Jean Baptiste Fabié était né le 1er février 1860 au hameau de Besse. Après avoir été enfant de chœur et suivi des études primaires à Saint-André, il entra au petit et grand séminaire de Carcassonne. Ordonné prêtre, il fut nommé curé de Saissac, Vignevieille et en 1892 à Montfort-sur-Boulzane (Canton d’Axat).
C'est dans cette cure, qu'à l'occasion d'une visite pastorale de Mgr Félix Billard en 1892, que l'abbé Fabié, prit son courage à deux mains et dit à son Evêque :
     « Monseigneur, si vous me mettez dans le village où je suis né, je me charge de reconstruire son église qui est en bien triste état. »
En 1895, Mgr exauça son voeu, le nomma à Saint-André et lui accorda l'autorisation d'aller quêter dans les Corbières, afin de recueillir les fonds pour reconstruire son église.
La recette fut bonne et au bout de quelques semaines, accompagné de quelques propriétaires de Saint-André, on attela mules et charrettes et en route pour rapatrier les matériaux. Le curé, en soutane, les manches relevées faisait l'admiration de tous. Après avoir tombé les pans de murs qui menaçaient de s'écrouler, il passa à la reconstruction. Pour occuper ses rares moments libres, le curé Fabié, apiculteur chevronné exploitait 80 ruches. Très adroit dans le travail du bois, il avait construit des ruches d’un modèle tout à fait particulier et il fabriqua même une machine pour l’extraction du miel. Cette passion pour le travail du bois, il va bientôt la mettre au service de Dieu et de ses fidèles.
 Les travaux d’architecture terminés, l’église ne présentant plus de danger, les paroissiens retrouvèrent leur église, avec quelques bancs en mauvais état, et un vieil autel en bois tout vermoulu. Notre curé posa la truelle et levant les yeux au ciel dit qu’il allait rendre ce lieu digne de celui qui l’habite.
L’abbé Fabié acheta un noyer, qui était planté prés de la fontaine, il le fit débiter en planches et voilà notre maçon reconverti en menuisier. Il réalisa au bout de quelques mois un splendide retable, ensuite un autel, et un tabernacle et enfin un confessionnal.
Ceux qui entrent dans cette petite église ne peuvent que rester admiratifs devant cet ensemble de chefs d’œuvres réalisés par ce prêtre. L’abbé aurait bien souhaité poursuivre son œuvre, mais, découragé par la loi de séparation de l'église et de l'État en 1905, il ne fit pas la chaire, et bien d’autres meubles, alors qu'il avait encore tout le bois nécessaire.

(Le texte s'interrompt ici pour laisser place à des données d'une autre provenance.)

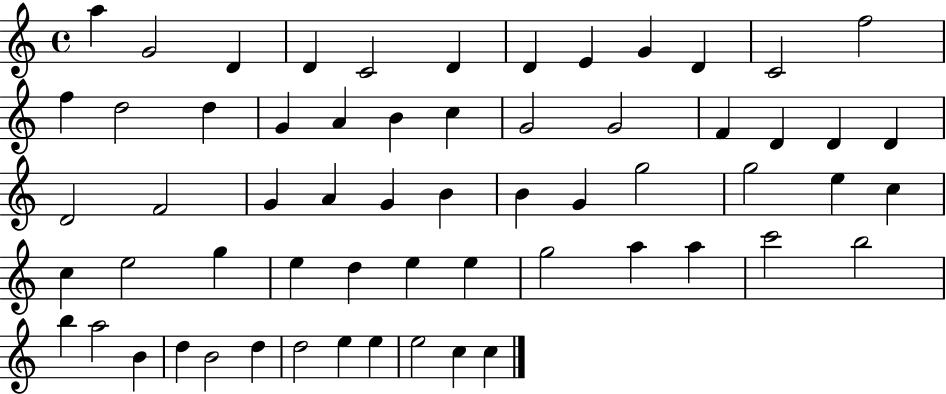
X:1
T:Untitled
M:4/4
L:1/4
K:C
a G2 D D C2 D D E G D C2 f2 f d2 d G A B c G2 G2 F D D D D2 F2 G A G B B G g2 g2 e c c e2 g e d e e g2 a a c'2 b2 b a2 B d B2 d d2 e e e2 c c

Au fronton de la porte d'entrée, 1897 marque la fin de la restauration et l'inauguration qui donna lieu à une magnifique cérémonie en présence de nombreux prêtres des paroisses voisines qui furent admiratifs face à une telle restauration. Rappelé a Dieu en Juin 1925, tous les prêtres de la région assistèrent à ses obsèques. Dans le chœur, en hommage de reconnaissance, une plaque évoque son souvenir « A notre vénéré pasteur Jean Baptiste Fabié 1860–1925 ». L'abbé Fabié repose près du mur de l’église qu’il avait reconstruite.

                      L'abbé Boudet à Rennes-les-Bains

   Nous avons quitté l’abbé Boudet, à Festes-et-Saint-André et nous le retrouvons le 1er octobre 1872 à la cure de Rennes-les-Bains en remplacement de l'abbé Rescanières. Dans la cité thermale, comme ailleurs, l'époque est propice à la méditation. Une guerre est passée et l'on est loin d'envisager la première guerre mondiale. Le virus de l'écriture atteint les érudits locaux : l'abbé Théodore Lasserre, curé d'Alet publie « Recherches Historiques sur la ville d'Alet et son diocèse en 1877 », en 1880, Louis Fédié, « Le Comté du Razés et le diocèse d'Alet – Notices historiques » - L'abbé de Roquelkaure " l'histoire de la Haute-Valée de l'Aude".
Ces passionnés de notre histoire locale ouvrent ainsi la voie à Henri Boudet qui va consacrer une partie de son temps à une étude sur la linguistique et publie à compte d’auteur en 1886 : "La vraie Langue Celtique et le Cromleck de Rennes-les-Bains" qu’il présente à l’Académie des Inscriptions et Belles-Lettres de Toulouse (Il fera cadeau d’un exemplaire à la Reine Victoria d’Angleterre, M. Constantin Cailhol, d’Alet qui se trouvait en mars 1889 à Biarritz rencontre Sir Henry Pinsomby, secrétaire personnel de la Reine, lui remit un billet dans lequel la Reine le remerciait de son livre sur la vraie langue celtique).
   A sa parution, l'ouvrage reçoit de bonnes critiques de la part de certaines sociétés savantes de l'époque, mais critiqué par d’autres qui considèrent l’auteur comme un fantaisiste, un chercheur respectable mais qui n'a pas l'étoffe d'un historien ni du linguiste qu'il croyait être. Ces critiques ne l’affectent guère, Boudet qui n’a jamais reçu de lauriers poursuivit ses recherches sur « L’origine du nom de Narbonne et exemples d’interprétations des mots Gaulois par les racines saxon-nes de l’anglais ».
Ces quelques mots, nous donnent, une image diamétralement opposée de cet homme d’église qui sans ses écrits aurait laissé le souvenir d’un « Saint », d’un bienfaiteur, d’un homme reconnu comme étant un érudit de son temps. Hélas!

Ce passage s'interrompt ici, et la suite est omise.